This month, UNICEF are campaigning to raise awareness of the current food crisis in South Sudan.

Meet Nyakhat

She is three years old.  Yes, that is a tiny three years old.  She’s not much more than a baby, yet she led her blind father for four hours to find a UNICEF relief centre to find food.

She’s my heroine of the year.

southsudan

In the South Sudan, there are around 50,000 children at risk.  Think about that.  I know how I would feel if I were facing the prospect of not being able to put a hot meal on the table for my boys.  Or actually, any meal at all.  It must be devastating for the parents, the children and the whole extended families.

Around three million children in the South Sudan have faced need of humanitarian assistance.  That’s over half of all the people who live in Scotland alone.  They struggle with basic needs as a result of decades of civil war.
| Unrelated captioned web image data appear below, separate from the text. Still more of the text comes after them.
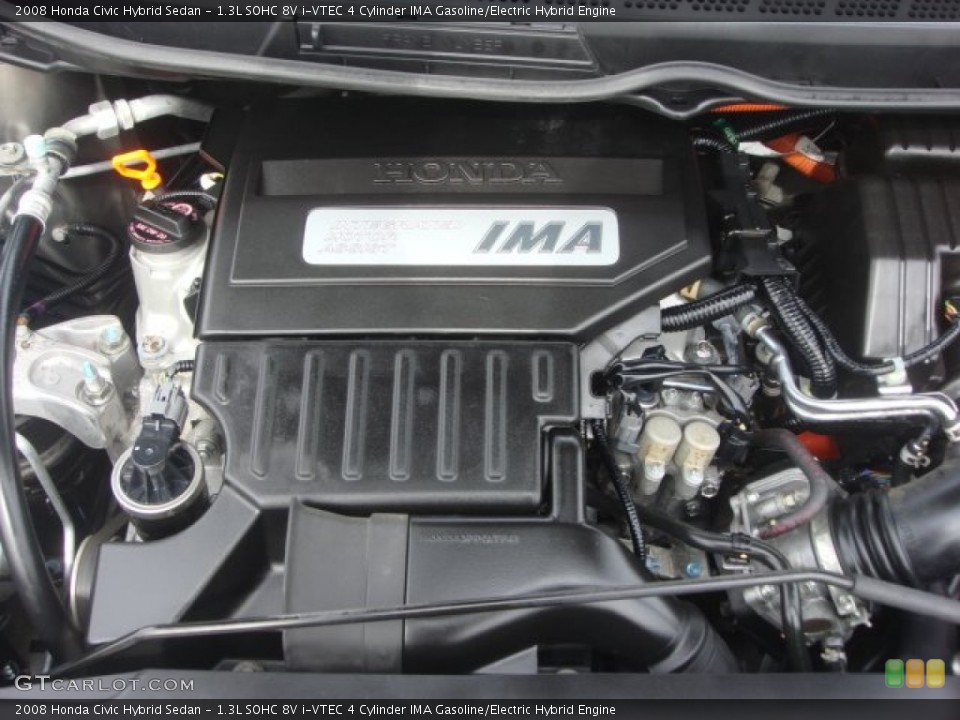 1.3L SOHC 8V i-VTEC 4 Cylinder IMA Gasoline/Electric Hybrid Engine for the 2008 Honda Civic #77686517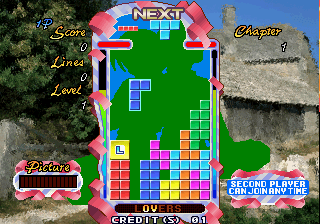Tetris Plus 2, Arcade Video game by JALECO (1997)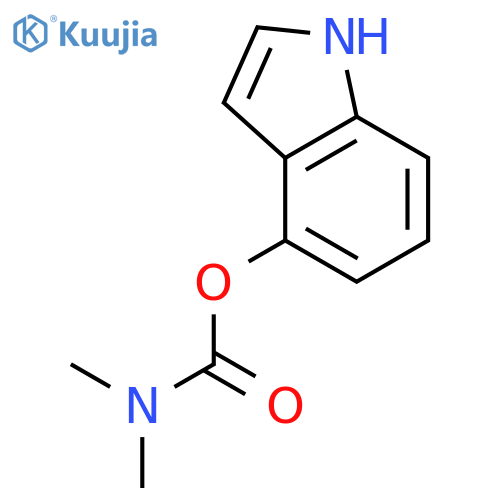 1h-indol-4-yl N,n-dimethylcarbamate structure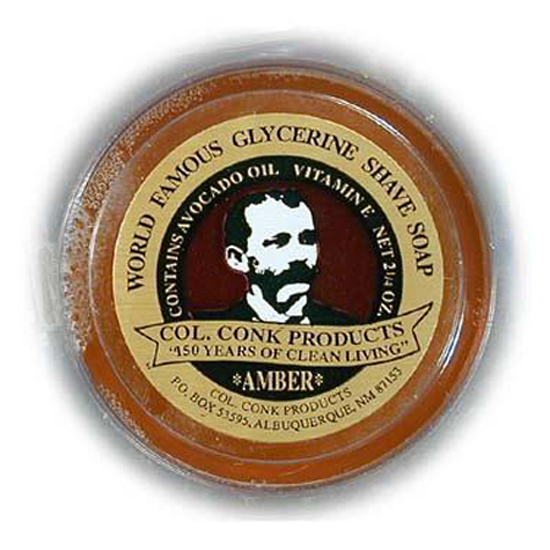 4250 C. Conk Amber Glycerine Shave Soap 114 Col.Conk Shave Soap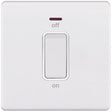 Selectric 5M-Plus Matt White 1 Gang 45A DP Switch with Neon and White Insert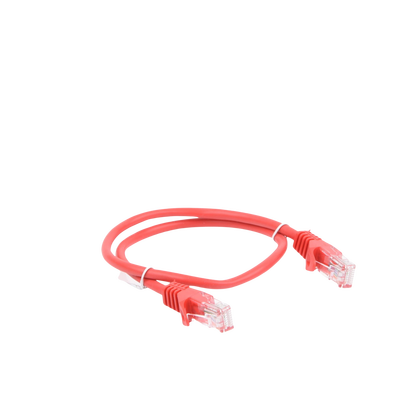 Cable de parcheo UTP Cat5e - 0.5 m - rojo - Kompletum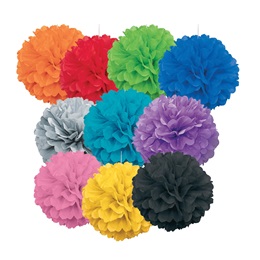 16 in. Floral Tissue Ball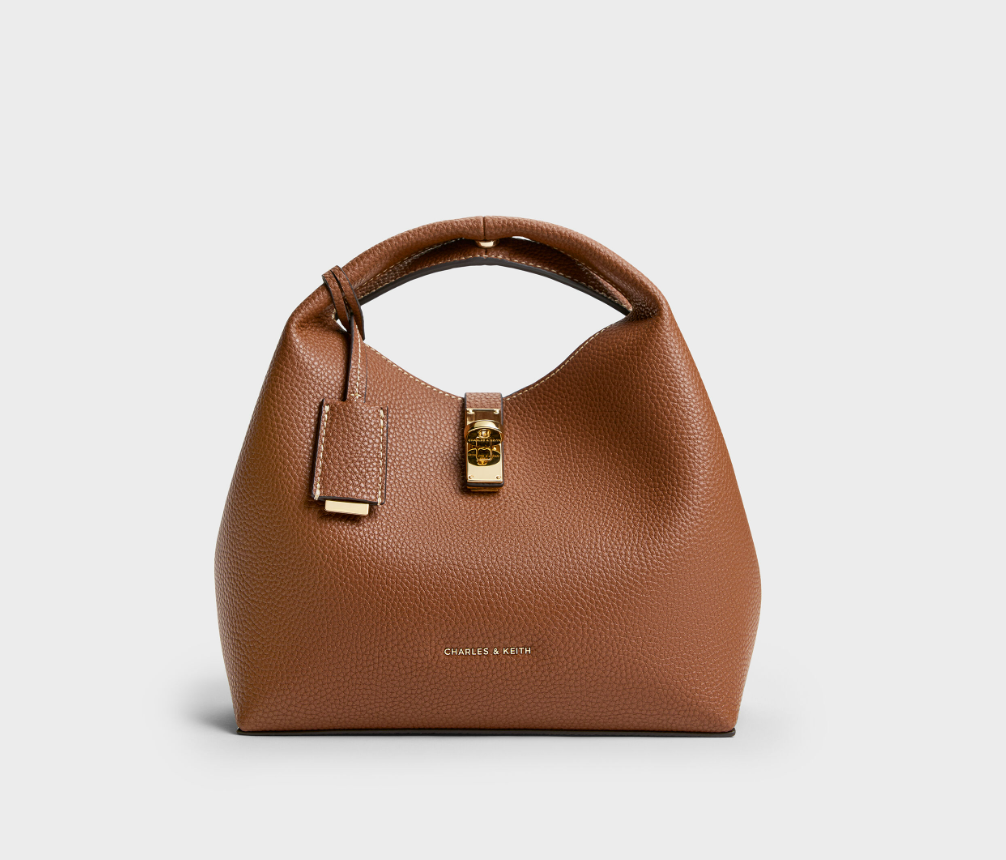 Charles & Ke*th - Chance Turn-Lock Bucket Bag - Chocolate (AD-JUN13-PT)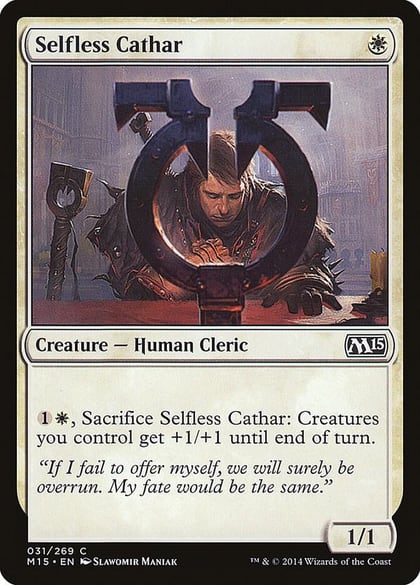 Selfless Cathar, Magic 2015 (M15) 31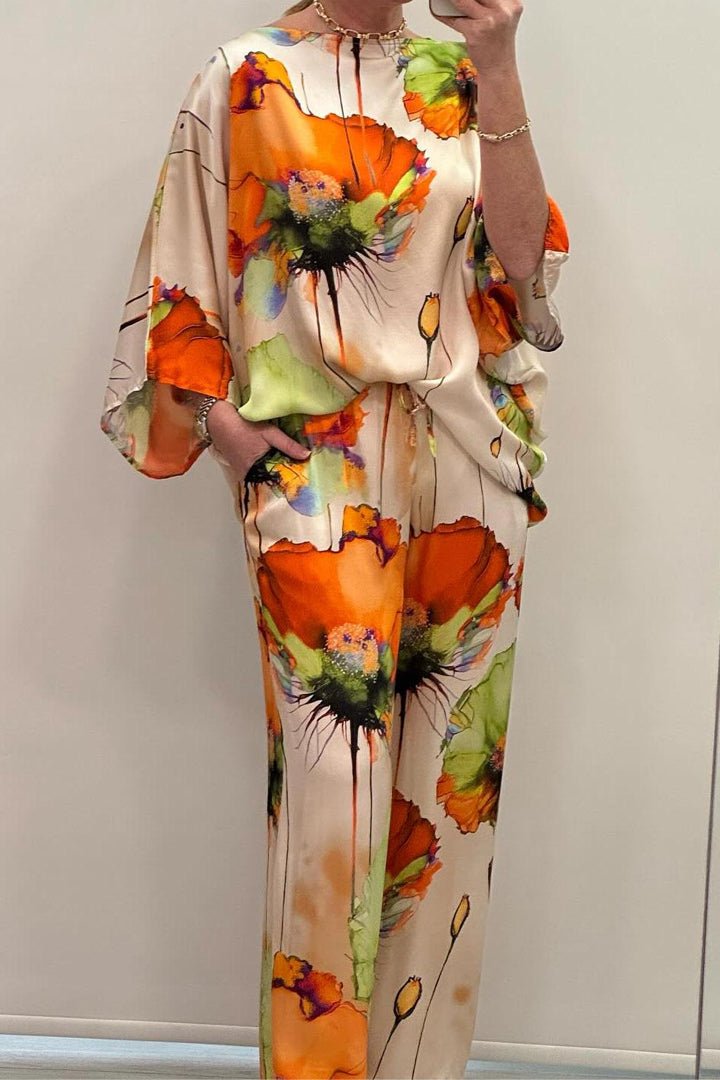 Eleanor | Flowing Floral Two-Piece Set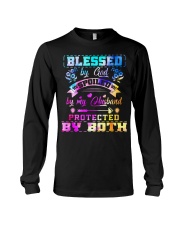 Blessed by god spoiled by my husband Long Sleeve Tee tile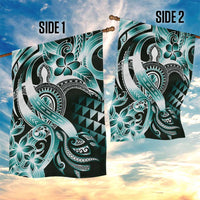 Aloha Turquoise Tribal Honu Tattoo Garden Flag LT9 - Polynesian Pride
550,000 children have been displaced.  That means they are living in the open, just as the rainy season begins.  Cholera has begun to break out and parents must be at their wits end.  It really brings home how lucky we are in the Western world, with our basic need for food and shelter met.

Displaced Women

The civil war has meant that South Sudan’s agriculture has not able to flourish.   Crops are not being planted and food is becoming more and more scarce.

I found it frightening that UNICEF reported on the possibility of 4 million people starving by the end of the year, and 50,000 children likely to die.

What is UNICEF Doing?

UNICEF is in South Sudan, working to help the children with care and resources to survive.  Along with their partners, they have screened more than 60,000 children against malnutrition and immunised more than 260,000 against measles.

UNICEF would like to give hygiene kits and safe water for cooking and drinking, for 450,000 people.  It’s an ambitious target and one that needs help to succeed.  How much value do we place on our own ability to have freedom to play and find the families they have often been separated from?  I don’t know how anyone can put a value on that.

Feel free to give whatever you can.

£8 could give an emergency water kit for a family.

Just £5 could help give life-saving food for a child for a week.

I am grateful for just how lucky we are as a family.